**What to do:** In the material below, begin at the line that has "Snapshot of lana__nova", stop after the line that has "Vista da Sala/Quarto", and transcribe those lines exactly, without pictures.

**Given data:**

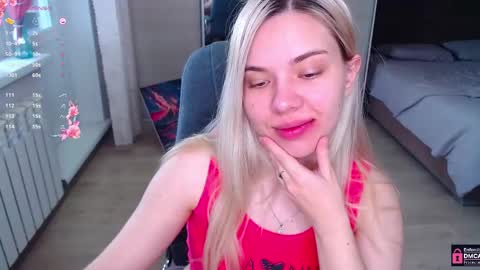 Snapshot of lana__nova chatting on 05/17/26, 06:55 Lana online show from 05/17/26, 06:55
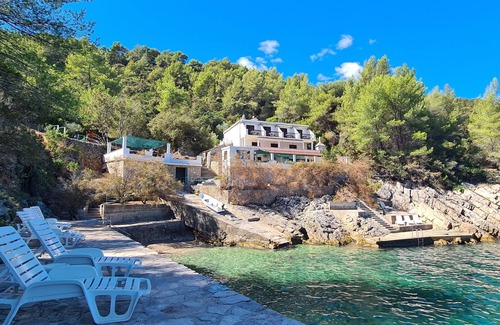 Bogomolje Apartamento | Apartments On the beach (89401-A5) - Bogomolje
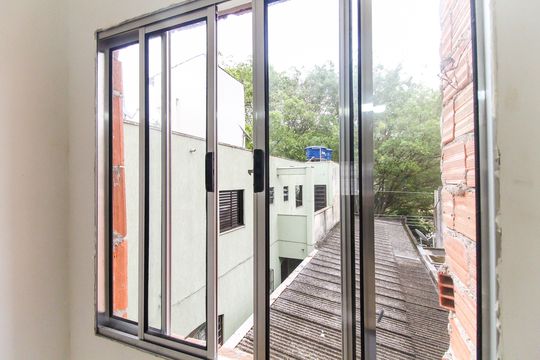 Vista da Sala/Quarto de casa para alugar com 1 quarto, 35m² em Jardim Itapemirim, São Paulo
...
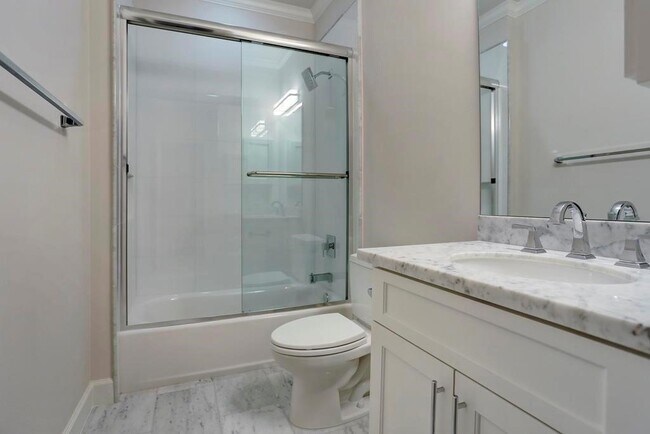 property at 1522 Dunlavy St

**Task answer:**
 Snapshot of lana__nova chatting on 05/17/26, 06:55 Lana online show from 05/17/26, 06:55
 Bogomolje Apartamento | Apartments On the beach (89401-A5) - Bogomolje
 Vista da Sala/Quarto de casa para alugar com 1 quarto, 35m² em Jardim Itapemirim, São Paulo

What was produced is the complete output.